When it comes to climate change, it sometimes feels as if there are two planets Earth. On one — the one where people watch An Inconvenient Truth and Al Gore wins Nobel Prizes — there is a sense that a true crisis is gathering. On the other, a studied obliviousness prevails, and a 35-miles-per-gallon fuel-economy standard counts as a "bold" step forward.

In December, President Bush signed an energy bill that brought the first fuel-economy increase in the United States since 1975, calls for a nearly eight-fold expansion of renewable fuels by 2022, and mandates that most standard incandescent light bulbs be phased out over the next six years. The Bush administration hailed the bill as a major step forward in the climate change battle.

Half a world — and maybe more — away, delegates from 187 nations gathered in Bali, Indonesia, to begin negotiating a successor to the Kyoto Protocol, which will expire four years from now. The United States, which emits 22 percent of the world's greenhouse gases, has notoriously refused to sign the protocol, effectively blocking any real effort to rein in climate change. The day the Bali conference opened, Australia — the other holdout on Kyoto — finally signed, effectively defecting from the second Earth to the first and leaving the United States home alone on that other planet. The U.S. government’s emissaries to Bali were nearly booed off the dais for their obstructive tactics.

Meanwhile, back home, James Connaughton, the chairman of the White House Council on Environmental Quality, told reporters that when President Bush signed the energy bill into law, "We translated talk in Bali into very concrete, legally accountable action here in the United States."
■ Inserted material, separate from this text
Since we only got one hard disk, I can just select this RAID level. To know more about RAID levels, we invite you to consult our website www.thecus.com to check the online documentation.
Despite the cognitive distance between these two Earths, they do have one thing in common: an atmosphere that is rapidly filling with greenhouse gases that make the planet hotter. Late last year, the International Energy Agency, which serves as a sort of oracle of the future of the planet’s energy system — and, increasingly, that system’s effect on the climate — issued a prophetic proclamation: "The primary scarcity facing the planet is not of natural resources nor money, but time."

Despite the angst in Bali and the bombast back in the U.S., a subtle shift in attitudes is under way, and the two Earths may finally be converging. Even on the Earth of Bush, climate change is an acknowledged fact.
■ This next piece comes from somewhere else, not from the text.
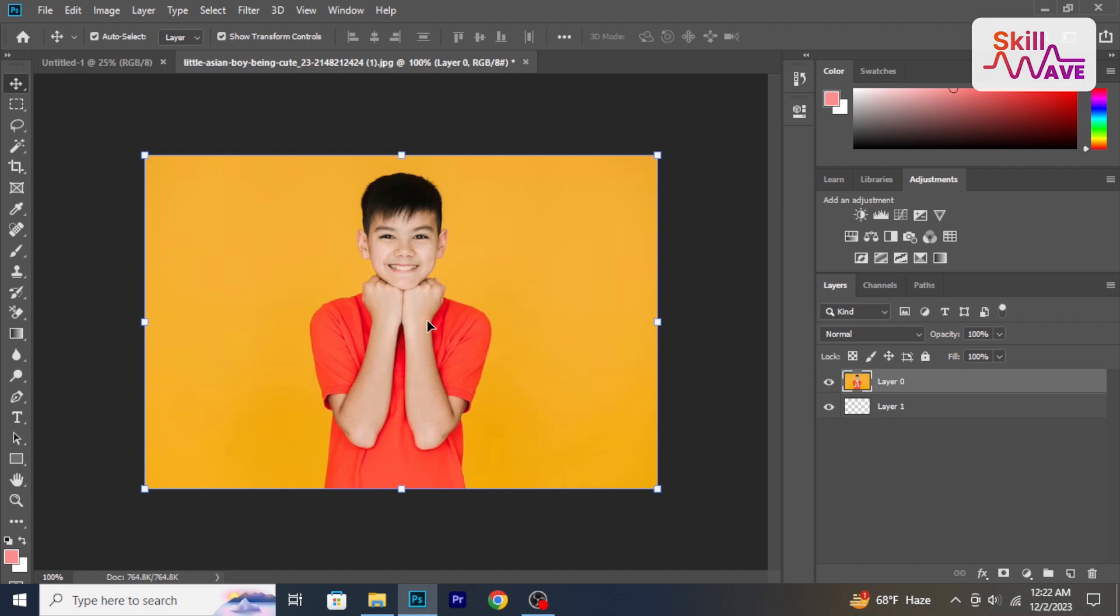Hello and welcome back to iskileweb. In today's tutorial, I will show you how to zoom in on Photoshop.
But knowing there's a problem doesn't necessarily equate with knowing how to solve it. Even among people who agree on the need to act quickly and decisively to address climate change — which is to say, even in Gore World — there's deep disagreement about what to actually do. One thing is clear, however: Fighting climate change could prove to be a lot harder than anyone's telling you.

Marty Hoffert is an emeritus physics professor at New York University who has been closely involved in the effort to develop a strategy for stopping global warming. "What we actually have to do and what is being proposed," he says, "are very far apart."

Like any good health-improvement regimen, a plan to fight climate change starts with a target. The most ambitious goal — and the one that has come to serve as the basic, recurring motif in climate discussions — would be reached when the concentration of greenhouse gases in the atmosphere was stabilized at 450 parts per million. (Today, they are around 384 ppm and growing.) Hitting that target would likely keep the average temperature of the planet from rising more than 2.4 degrees Celsius (4.3 degrees Fahrenheit) above pre-industrial levels.

And doing that would prevent a generalized unraveling of the planet. According to the Intergovernmental Panel on Climate Change — which shared last year's Nobel Peace Prize with Al Gore — holding the temperature rise to around 2.4 degrees Celsius could lower the risk of both extinction of as many as 40 percent of Earth's species and "extreme weather events" such as Hurricane Katrina; keep the Greenland and West Antarctic ice sheets from shedding chunks of ice into the oceans, raising sea levels by as much as 33 feet; and prevent melting permafrost from accelerating warming by burping up huge amounts of methane, another greenhouse gas.

To hit the 450-ppm target, world carbon dioxide emissions would have to peak by 2015 and — because they are long-lived and continue to have a powerful effect in the atmosphere — then be reduced 50 to 85 percent below 2000 levels by the middle of the century. "The task we have is whether we can continue to grow the global economy at 3 percent a year," Hoffert says, "and first hold CO2 constant, then phase it out."

Doing that will require a massive technological exorcism to "decarbonize" the energy mix that powers the global economy. Eighty-five percent of human-caused carbon dioxide emissions come from the burning of fossil fuels to make energy. World energy use is projected to continue growing at 1.8 percent per year, about half the rate of GDP growth. The aggregate "burn rate" of the world's energy infrastructure is staggering. Today, humankind produces about 15 terawatts — that's 15 trillion watts — of electricity. That, plus the emissions from cars, planes, ships, cement factories and everything else that burns fossil fuel, pumps around 27 billion tons of greenhouse gases into the air each year. Holding carbon dioxide constant would require eliminating emissions from the equivalent of at least 11,000 coal-fired power plants, more than actually exist on the planet today.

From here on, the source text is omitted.